Action item - From the line with "Picture 1 of 7" to the final line of the data below, please write out every line exactly, with no pictures.

Source data -
──────
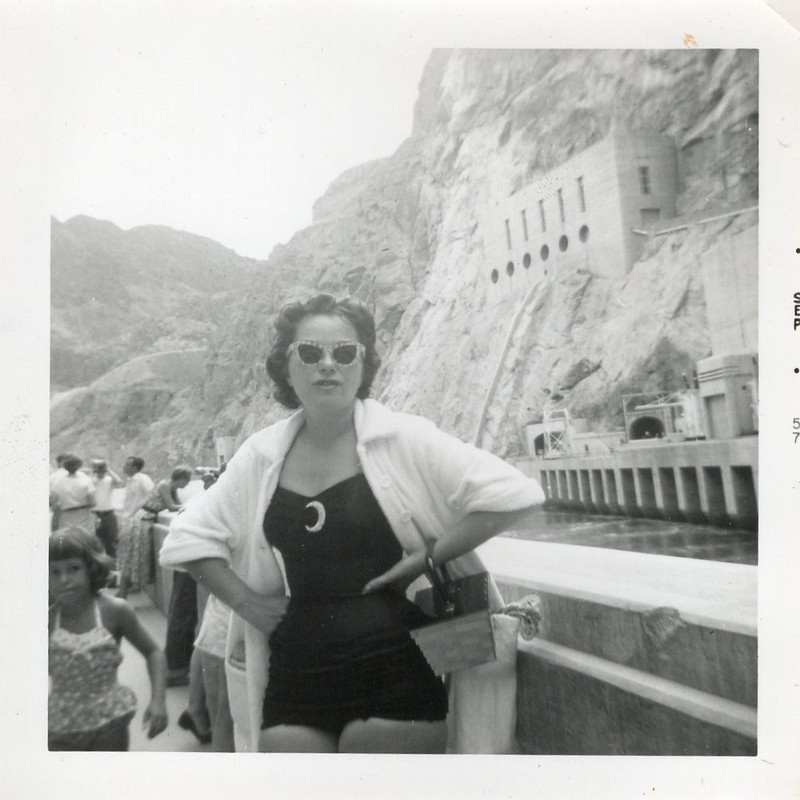 Women Swimsuit Harlequin Sunglasses Hoover Dam Black Canyon Photo Snapshot Vtg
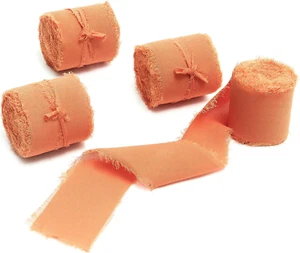 4 Rolls 1.5"W X 5Yd Orange Handmade Fringe Chiffon Silk Ribbon, Frayed Edges Rib - Picture 1 of 7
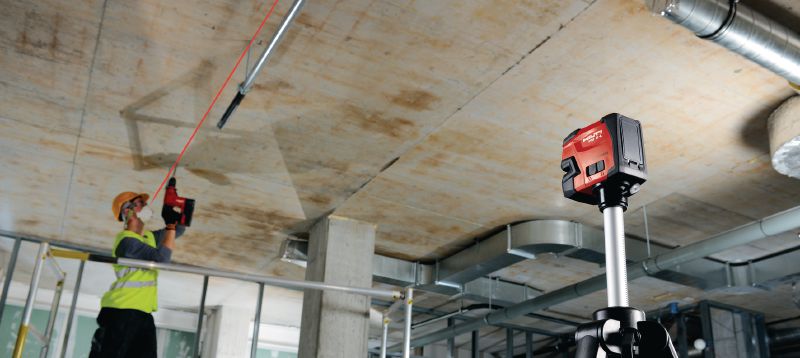 PM 2-L lijnlaser voor nivelleren Lijnlaser met 2 lijnen voor nivelleren, uitlijnen en haaks uitzetten met rode straal Toepassingen 1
──────
Expected answer -
 4 Rolls 1.5"W X 5Yd Orange Handmade Fringe Chiffon Silk Ribbon, Frayed Edges Rib - Picture 1 of 7
 PM 2-L lijnlaser voor nivelleren Lijnlaser met 2 lijnen voor nivelleren, uitlijnen en haaks uitzetten met rode straal Toepassingen 1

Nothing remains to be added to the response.